#### Assigned task:
Only the pictures are dropped. Restate each line below word for word.

#### Data provided:

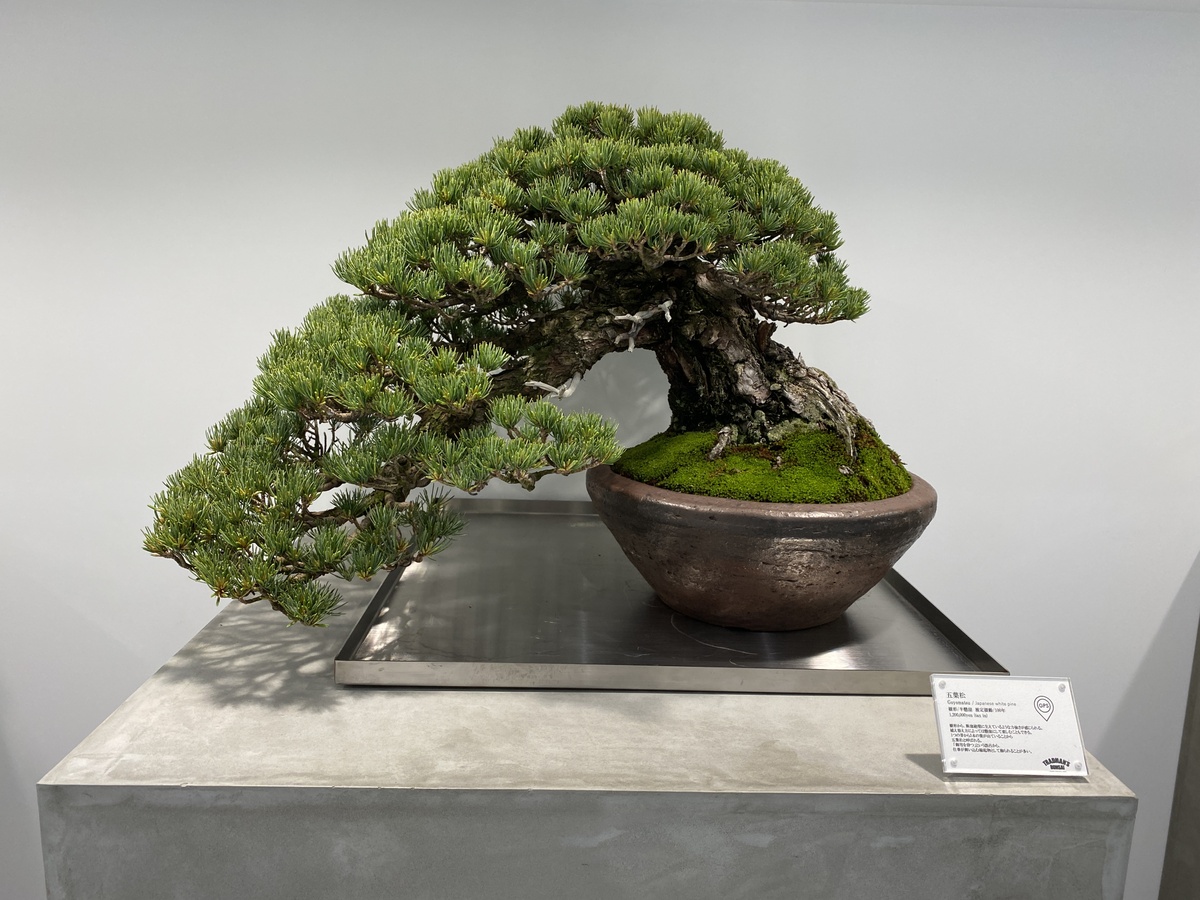 盆栽専門店「TRADMAN'S BONSAI」の盆栽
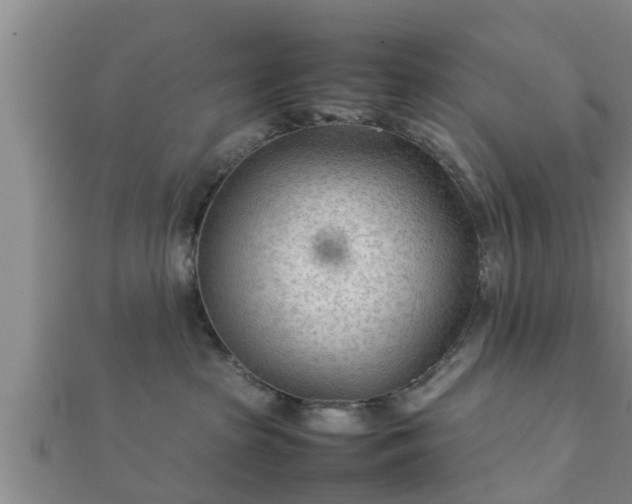 X0000112400285200908211122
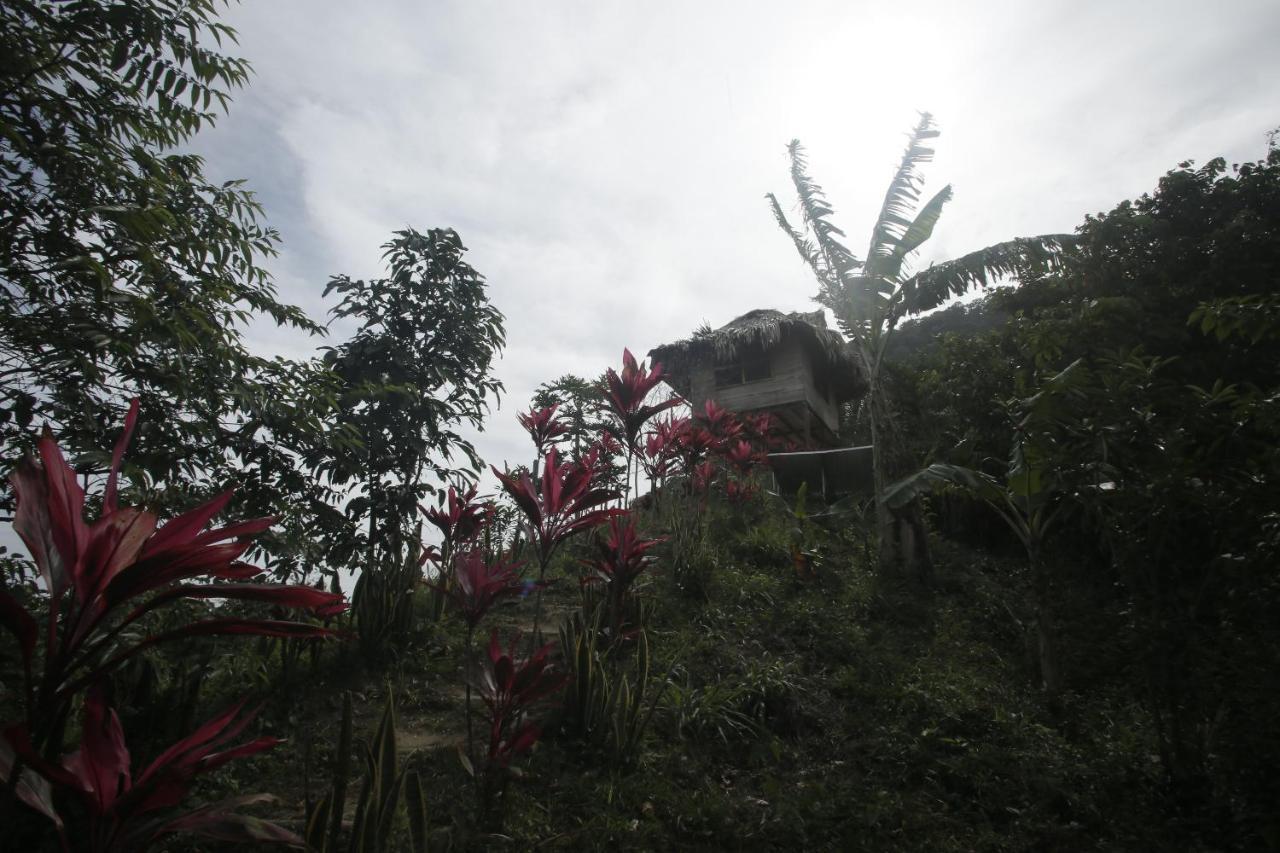 Taorayina Nature Lodge- Immersed In The Forest El Zaino Exterior photo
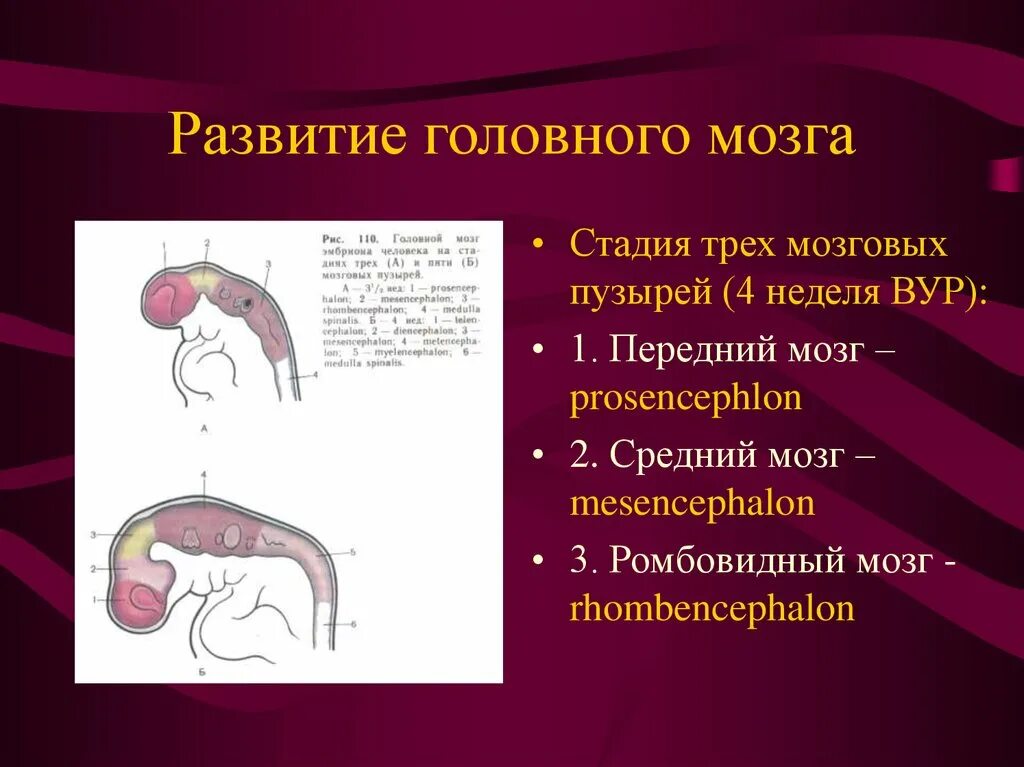 3 пузыря мозга. Развитие головного мозга. Стадия 5 мозговых пузырей. Стадия трек мозговых пузырей. Стадии развития головного мозга.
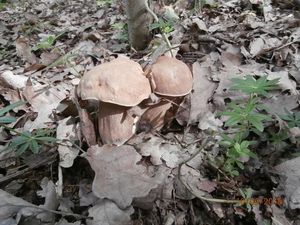 Klikni pro velký obrázek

#### Completed exercise:
 盆栽専門店「TRADMAN'S BONSAI」の盆栽
 X0000112400285200908211122
 Taorayina Nature Lodge- Immersed In The Forest El Zaino Exterior photo
 3 пузыря мозга. Развитие головного мозга. Стадия 5 мозговых пузырей. Стадия трек мозговых пузырей. Стадии развития головного мозга.
 Klikni pro velký obrázek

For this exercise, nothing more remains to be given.